Well. Here is my take on all of this…
Life is a gift. For some, it may seem an unwanted gift, or no gift at all. But we’re stuck with this thing that we had no hand in, that arrived, for free, and now what to do with it?
Participation is the secret key. The missing thing that either makes it work, or not.
Participation in one’s own life, is what makes that life worth living.
And he spoke to them in parables…
A tree is a very big, heavy, and difficult-to-deal-with thing. Like us, it has a lifespan. Sooner or later it will die. This may occur sooner rather than later; the result of a windstorm, or exceptionally heavy snowfall. The tree will either fall, and die, or die and fall. Some die and remain stubbornly standing, so…
Enter the chainsaw. The axe. The balls to cut this sucker down. The forethought to do so without ending up like the tree. The big, heavy, cumbersome reality of the thing lying prone on the ground. Now what?
You’ve bought a wood-stove, right? Hacked a hole in your roof. Installed all the critical don’t-burn-your-house-down stuff. Had some fool in to inspect it.
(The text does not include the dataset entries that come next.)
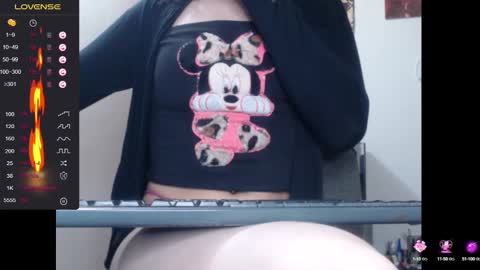 lorenitha online show from December 8, 2024, 4:35 am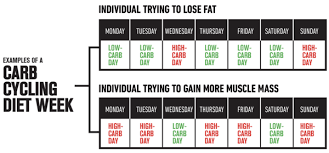 Carb Cycling Carb Cycling Muscle Mass Diet V Shred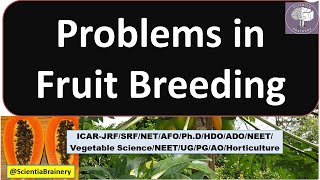 Problems in Fruit Breeding horticulture icarnet jrf2024 [upl. by Atterehs]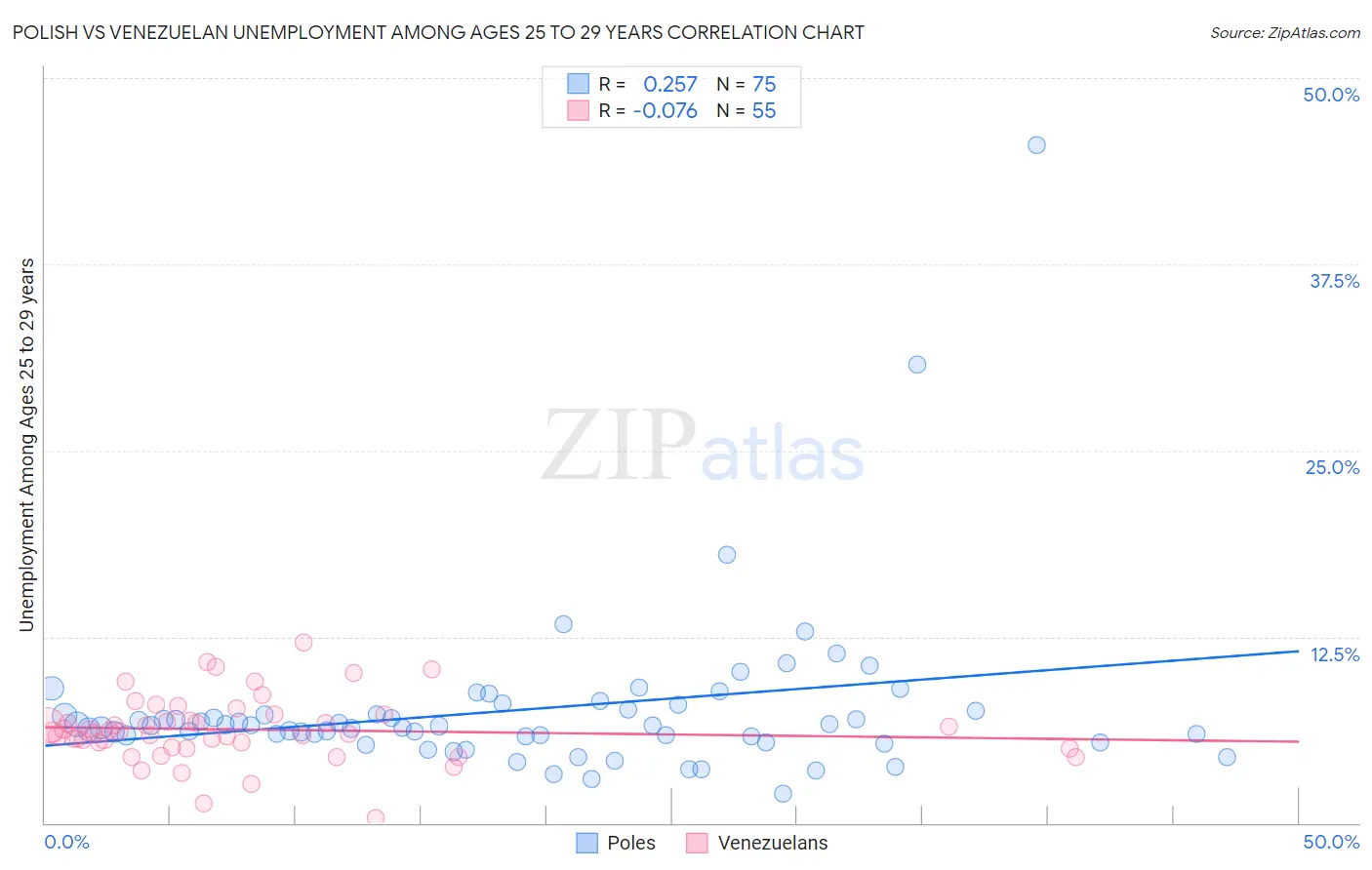 Polish vs Venezuelan Unemployment Among Ages 25 to 29 years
So now you buck that downed tree into fourteen inch rounds. If it’s a fir, this is hard work. If it’s an alder, it’s easier. But whatever it is, all of this takes time and effort.
The gas/oil mix for the saw must be right. The chain must be sharpened often. Angles, pitches, files and gauges. Ear protectors, goggles, hard-hat.
And of course, the tree was never in a convenient spot, and so now the heavy rounds need moving to the woodshed. Did you remember to build a woodshed before you started?
Then you need a maul, a wedge, a sledgehammer, to split the wood, before stacking it. And a splitting block, of course: one of the rounds will do for that.
Oh: almost forgot: kindling. Back to the forest to drop a dead cedar, buck it up, split kindling from the rounds. A hatchet, machete, or froe is needed for this. And leather gloves, and finely focused attention, if you wish to retain all your fingers…
I hope you climbed up on the roof to clean the chimney? Special brushes, a length of chain, a sturdy ladder, head for heights, etc.
And then to load the woodbox, using empty toilet-paper tube, fine cedar kindling, heavier kindling, thinly split wood, and finally regular wood…
Well it’s no wonder we invented electric heat, eh?
But to sit in front of this glass-fronted stove, as the shadows lengthen, the flames flicker and waft, the incomparable orange glow and dry heat, cat curled up and loving every moment…
Can turning a thermostat dial compare?
End of parable.
The effort expended holds unexpected benefits. Every stick of wood is hand cut, hand split, hand stacked, hand transported, hand picked. One is keenly aware of this, as each new piece is loaded onto the coal-bed. Each piece has a history, like a song, taking one back to its original context.
It’s a messy, expensive, back-breaking, time-consuming way to keep warm, but, oh, so, very, satisfying. And this, this satisfaction, is what pleasure is.
If your life is crap, then find another way. There’s no excuse not to. Anybody can do it. It doesn’t take money. It takes life. And you still have one of those, don’t you?
When enough people say no to the lifeless, unfulfilling, soul-destroying manner in which most of us have come to exist, then we will have ourselves a whole new society. Governments, banks, employers, will have to adapt to us. Not us adapt to them.
We’ve tried it, done it, seen it for what it is. There is no real pleasure to be had, any more; only manufactured pleasure, which, unsatisfying as it is, is no pleasure at all.
I had better stop here, before I really get carried away.
Thank you, Bruce Charlton, for giving me something to ponder.
We all play our parts, whether we had planned on it, or not.